Moore-Penrose psuedoinverse of Laplacian

725 Views Asked by At

I am trying to attain the Moore-Penrose psuedoinverse of a a very large, sparse, rank degenerate, singular, and square matrix. (75000x75000, near rank) I realize the inverse will be very dense. I have been trying some brute force approaches by converting it to a dense matrix (~25GB) on a large memory machine (124GB). Both lstsq (scipy.linalg.pinv) and some SVD approaches (numpy.linalg.pinv) quickly exhaust the memory. The only approach that has worked is a slow but memory efficient SVD (scipy.linalg.pinv2). I am exploring what other techniques are out there that can balance memory efficiency and speed, although I have yet to try scipy.sparse.inv or scipy.sparse.svds for thorough comparison. I don't think any iterative approaches will work well because I can't provide a decent starting point. I think this leaves QR as a prime candidate. I have been exploring some of the methods listed in this paper. I have the following questions:

  1. I want to sample selected entries of the MPI to calculate the distance between a large number of graph nodes in a ad-hoc fashion. Is there a better way to sample select elements of the MPI than persisting the whole matrix?
  2. Are there any algorithms particularly well suited to my matrix type?
  3. Is QR factorization my best bet? Is there some other approaches I should be considering?
  4. If QR, what memory efficient QR implementations exist? Or will I need to hand roll one from a paper?
1

There are 1 best solutions below

0
On

There is something called the large randomized SVD. Facebook released research on it years ago. Do not turn your matrix into a dense matrix. There are libraries that utilize CSR structure. randomized SVD .

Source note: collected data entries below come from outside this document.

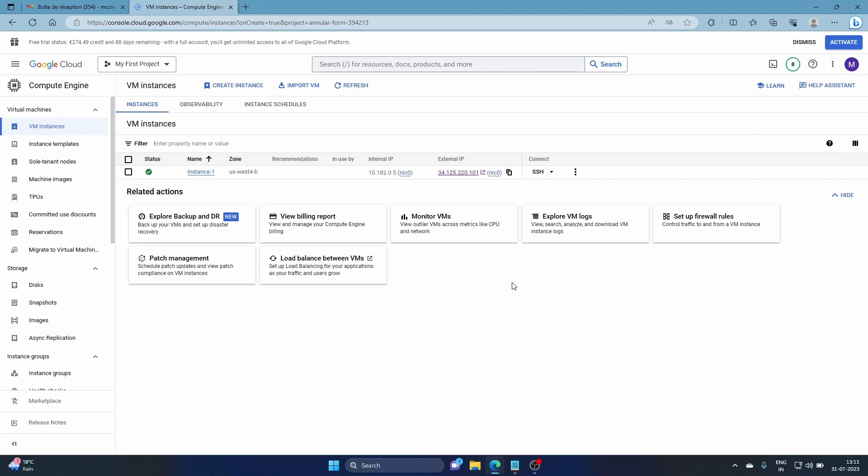This approach also helps with security regulations within a company — for example, if you have a set of rules to be followed. You can have one configured machine, create a custom image from that, and then create lots of instances from it. I'll show you how.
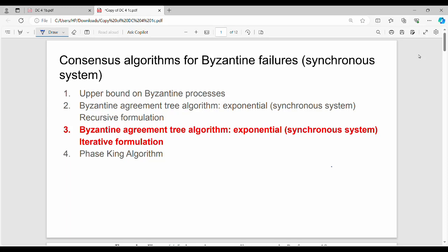Hi friends, welcome back. In this video, Unit 4 Distributed Computing: Byzantine Agreement Tree Algorithm — this is the iterative version. What we had in the previous video is the recursive version. The iterative version achieves exactly the same objective.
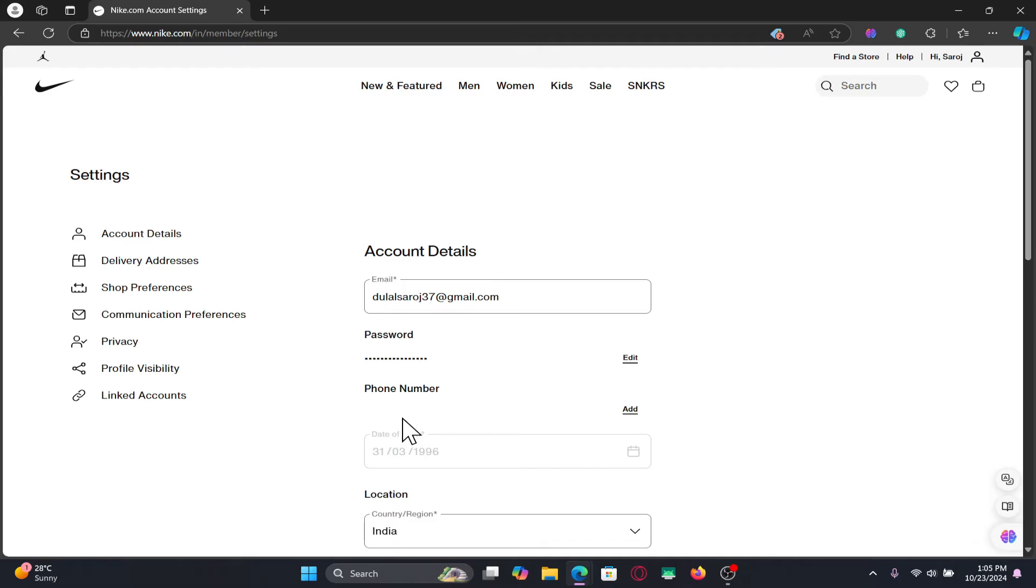After doing so, your phone number will also be displayed within your account details section, which means that it has now successfully been linked with your account.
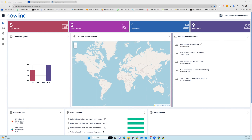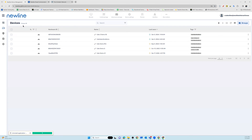Another feature of your NewLine Display Management account is the ability to reset an authentication token. An authentication token is a unique identifier that links your display management account with your panels. If the panel switches ownership, or if you have to do a factory reset on the panel, you'll need to reset your authentication token.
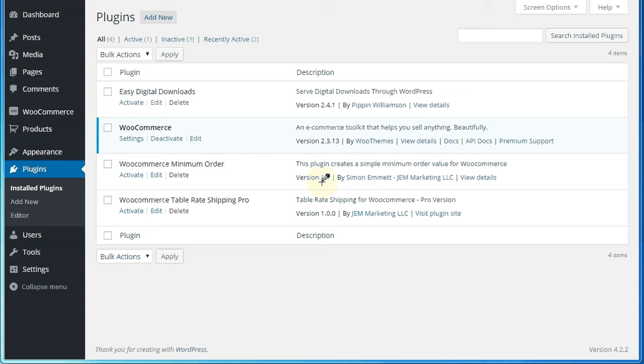Hi. In today's screencast, I'm just going to show you how to set up simple tiered shipping rates in WooCommerce using a free plugin.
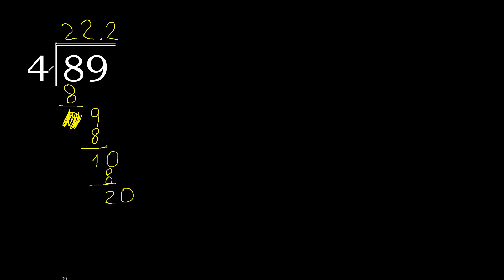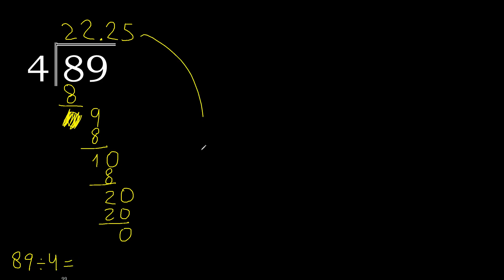20. 4 multiply by 5, 20. Subtract 0, 0, therefore finish. 89 divided by 4 is 22.25.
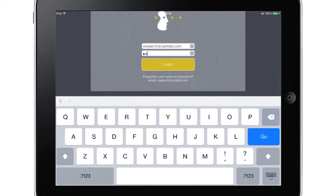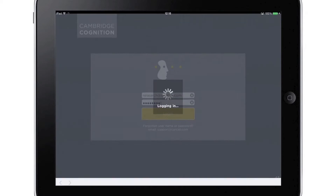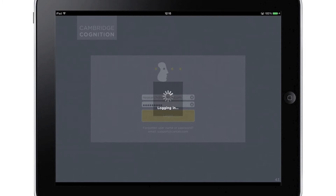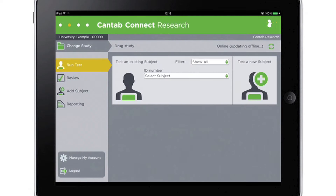When users log in, the system knows what kind of user they are and what level of access they have been granted. For example, some users can be configured so they are only allowed to collect data but not create new studies, such as research assistants.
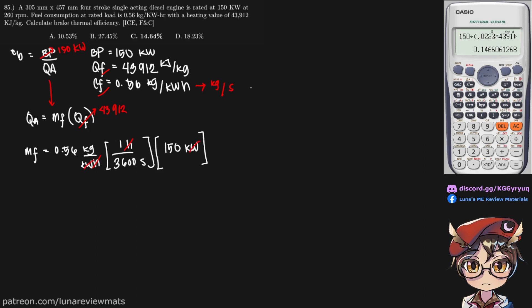These two cancel out, and we end up with kilograms per second. And if you put that into the calculator, you'll get a value of 0.0233 kilograms per second.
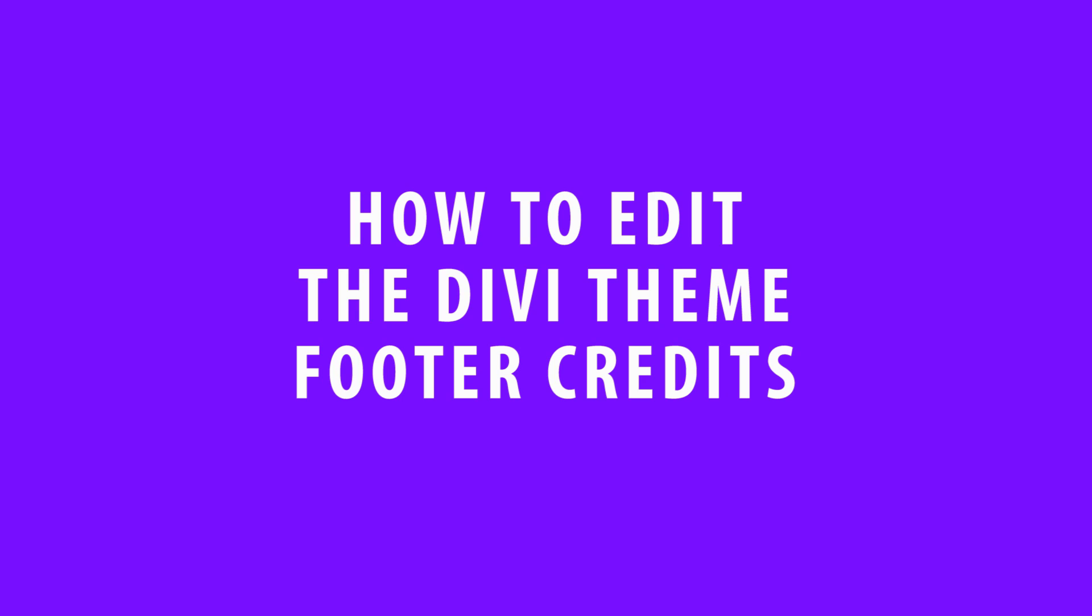In this Divi Quick Tip, I'm going to show you two different methods for manually editing the footer section of Divi so that you can display your own custom footer credits.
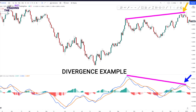This is called divergence. The best thing about divergences is that you're usually buying near the bottom or selling near the top. It doesn't really matter what indicator you use. You can use RSI, MACD, Stochastic, etc. But in this video, we will focus on RSI and MACD.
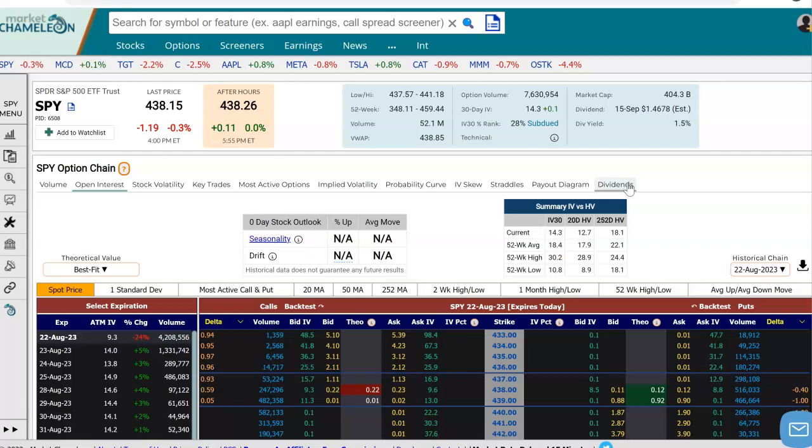Hey everyone, this is Dimitri Progamonic with MarketChameleon.com. In this video, I'm going to demonstrate how you could get valuable insights into a particular stock's open interest and how that open interest is distributed amongst different expirations and different strikes — to see if there is a particular concentration of open interest in an expiration or on some particular option contract. We're going to use SPY in this example.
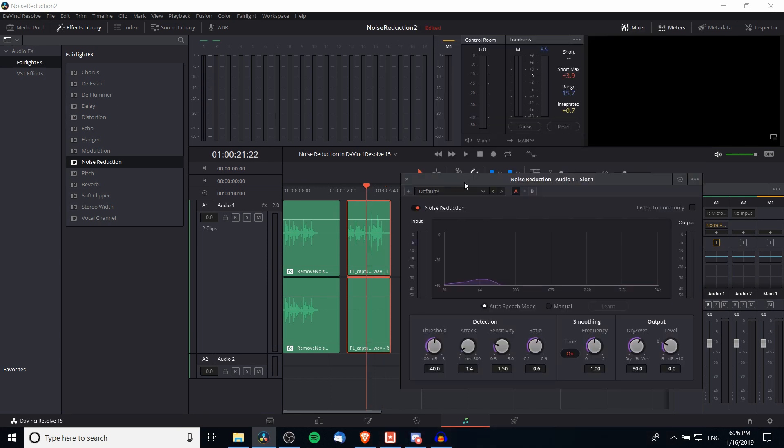So that's two ways you can deal with noise reduction in DaVinci Resolve: one when you have pre-recorded audio and want to reduce noise while editing, and the other when you want to record a voiceover straight from within DaVinci Resolve on the Fairlight tab with noise reduction applying in real time. Hopefully that helps you understand noise reduction in DaVinci Resolve 15. I've been Chris — thanks for watching, and I'll see you in my future video content.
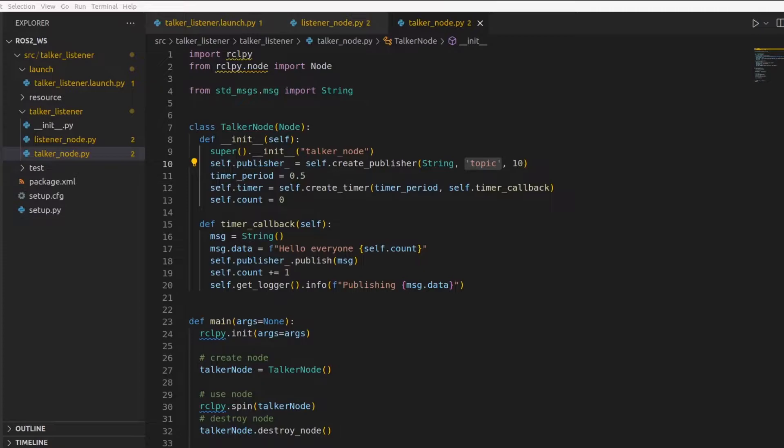If you already know about parameters in ROS1, there is a change in ROS2. In ROS2, a parameter is a property of an individual node. In ROS1, if you remember, you had a parameter server and a ROS master.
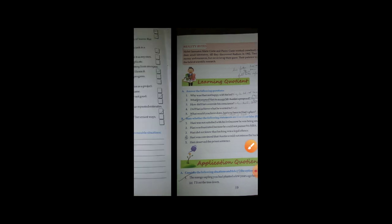Now second question. What prompted Hari to accept Mr. Austin's proposal? What do you have to write? Hari's impatience prompted Hari to accept Mr. Austin's proposal. So this is your second answer.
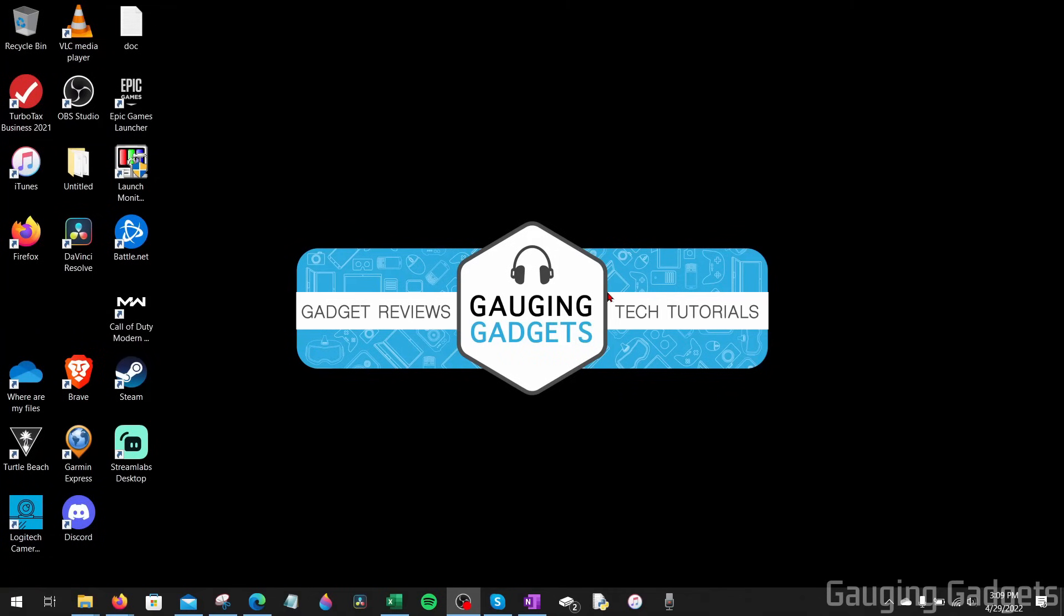How to download Google Chrome on a laptop or computer. Welcome to another Gauging Gadgets Google Chrome tutorial video. In this video, I'm going to show you how to easily download and install Google Chrome to your computer.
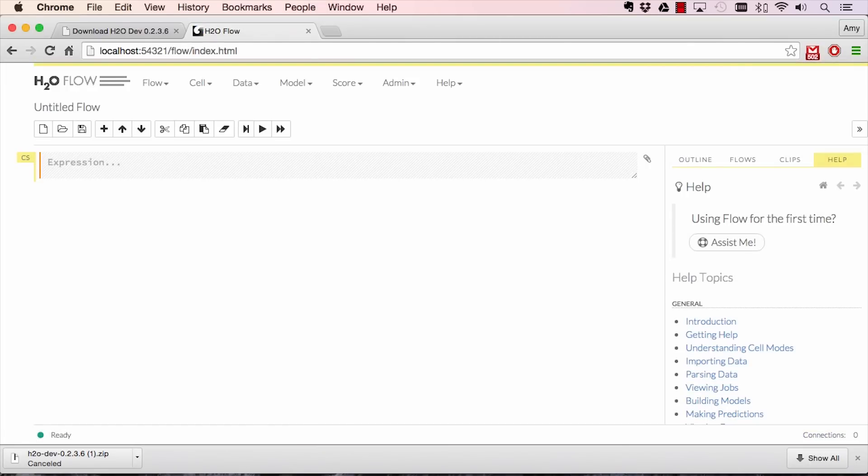From here, you have access to H2O's web UI called Flow. To get a quick demo in Flow, scroll down to the Help menu on the right-hand side.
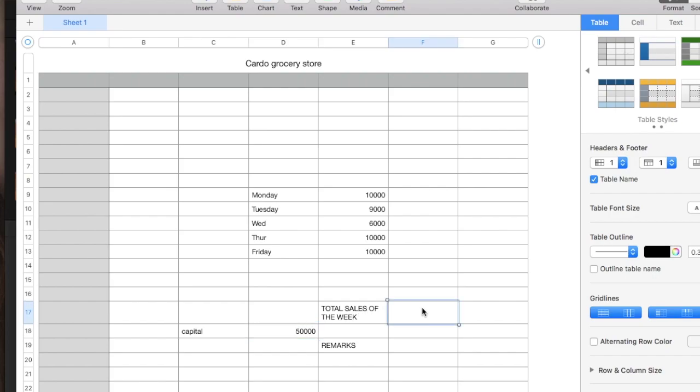There are many ways to add the sales. There are many formulas to add up or to sum up the sales. But, we use this function to make it easily add up. Again, all formulas in spreadsheet begins with an equal sign.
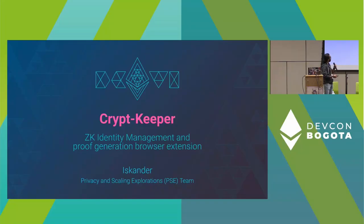Hey everyone, thanks for being here. I'm Iskander from PSE at Ethereum Foundation. I'd like to make a presentation today about CryptKeeper, one of our projects.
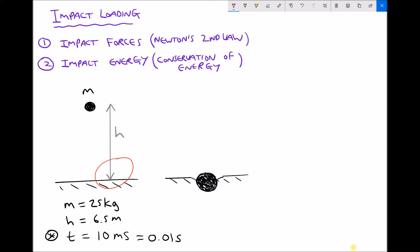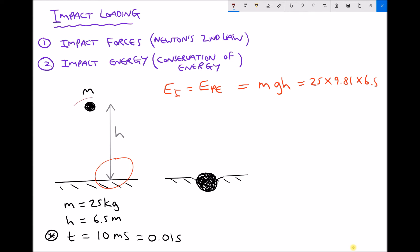Let's begin by calculating our impact energy. The object has potential energy because it's been raised through a distance, and when it impacts with the surface all of that potential energy is converted to impact energy. Potential energy equals mass times gravity times height: 25 × 9.81 × 6.5, giving 1594.1 joules, which we could also write as 1.594 kilojoules.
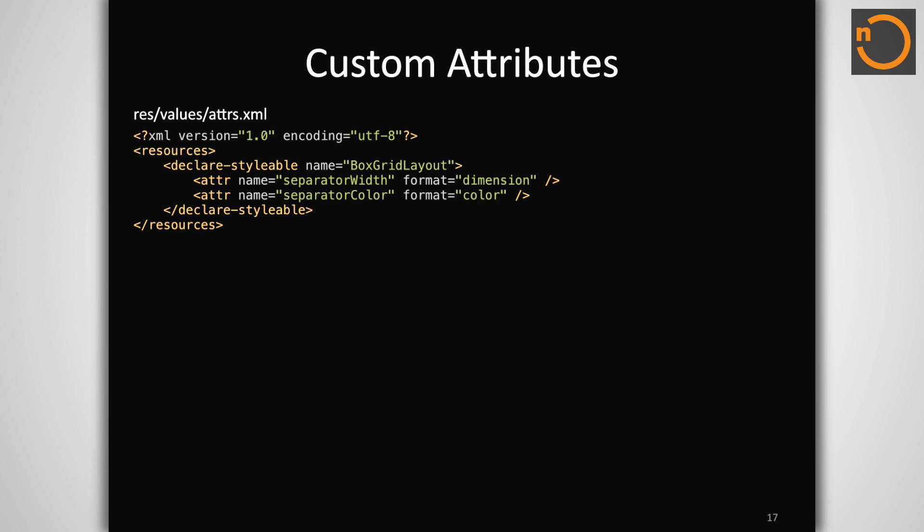So back to attributes for a minute. What if the attributes we want to feed into the view don't already exist in the platform and it would be awkward to try and reuse one for a different purpose? Well, in that case, we can define custom attributes inside of our styleable block.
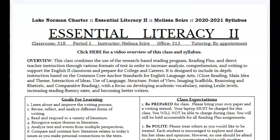Welcome to Essential Literacy 2. This is the syllabus for our class. We will be meeting in the chorus room, room 318, whenever we go back to school in person or if we move to a hybrid situation. Obviously, we're starting the year off remotely, so we want to go through the syllabus with you so that you understand what is expected.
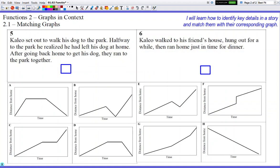Number five: Kaleo set out to walk his dog to the park. Halfway to the park, he realized he left his dog at home — oh my goodness. After going back home to get his dog, they ran to the park together. The characteristics you're going to look for are: walking to the park at a leisurely pace, so not super steep because he's not running. Then you're going to look for a characteristic showing going back home because he had to go back home to get the dog. At the end it says they ran to the park together, so the end of the graph is going to be pretty steep. So you need a graph that starts at home, goes up gradually, then goes back home, and then goes back up steeply to the park.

We consider a few cases. We consider

Large dense matrices, up to 100,000 × 200,000 in size, Large sparse matrices, up to 10⁷ × 10⁷ in size with O(10⁹) non-zero elements, A comparison to Apache Spark’s distributed SVD implementation.

It is also a function of the degree of sparsity, matrices actually aren't just either sparse or not sparse. It is a percentage. When you look at the function to construct a sparse matrix. It has a parameter called density.

matrix = rand(3, 4, density=0.25, format="csr", random_state=42)